The Sky is Falling: Ascendant & Descendent Gestures in the Poem
This workshop is part of the POETRY FESTIVAL
Have you ever been asked, “Why don’t you write happy poems”? Or perhaps you have been admonished that your poems are too “dark.” There is a common assumption that the poem should “lift,” “inspire,” or at least suggest “hope.” However, what if that is not your aim? What if your goal is not to affirm the reader or to soothe but instead to disarm, indeed, to allow the reader to take in the distress of a situation or even internal states such as disconsolation? In this workshop, we will look at how the poem builds toward its final moments and discuss the paradox of how ascendant gestures may shut (down) the poem’s possibilities while descendent gestures may open them (up). This is a generative workshop so we will be writing at least two poems and both will be revised. Possible poets whose work we will discuss include Ai, Harris, Baudelaire, Dobyns, Siken among others.

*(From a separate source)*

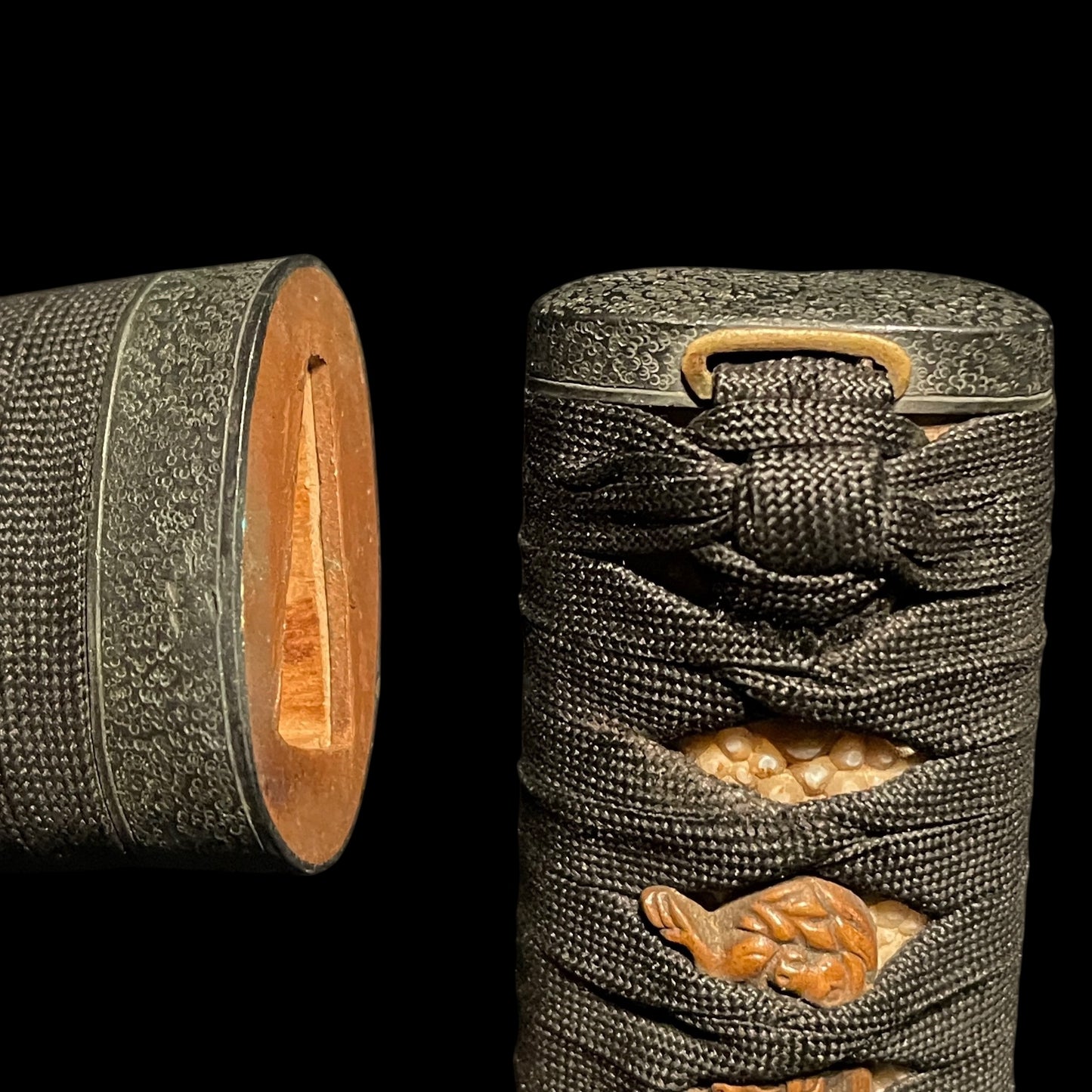 Rare style UNOKUBI 鵜首 TANTO, with Shirasaya, Edo period mumei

Vievee Francis is the author of The Shared World, which is forthcoming from Northwestern University Press; Forest Primeval (TriQuarterly Books, 2015), winner of the 2017 Kingsley Tufts Award; Horse in the Dark (Northwestern University Press, 2012), winner of the Cave Canem Northwestern University Press Poetry Prize; and Blue-Tail Fly (Wayne State University Press, 2006). Her work has appeared in numerous print and online journals, textbooks, and anthologies, including Poetry, Best American Poetry 2010, 2014, 2017, 2019, and Angles of Ascent: A Norton Anthology of Contemporary African American Poetry. She has been a participant in the Cave Canem Workshops, a Poet-in-Residence for the Alice Lloyd Scholars Program at the University of Michigan, and teaches poetry writing in the Callaloo Creative Writing Workshop (USA, UK, and Barbados). In 2009 she received a Rona Jaffe Writer’s Award, and in 2010, a Kresge Fellowship. She is the recipient of the 2021 Aiken Taylor Award for Modern American Poetry. Born in West Texas, she earned an MFA from the University of Michigan in 2009. She serves as an associate editor of Callaloo and an associate professor of English and Creative Writing at Dartmouth College in Hanover, NH.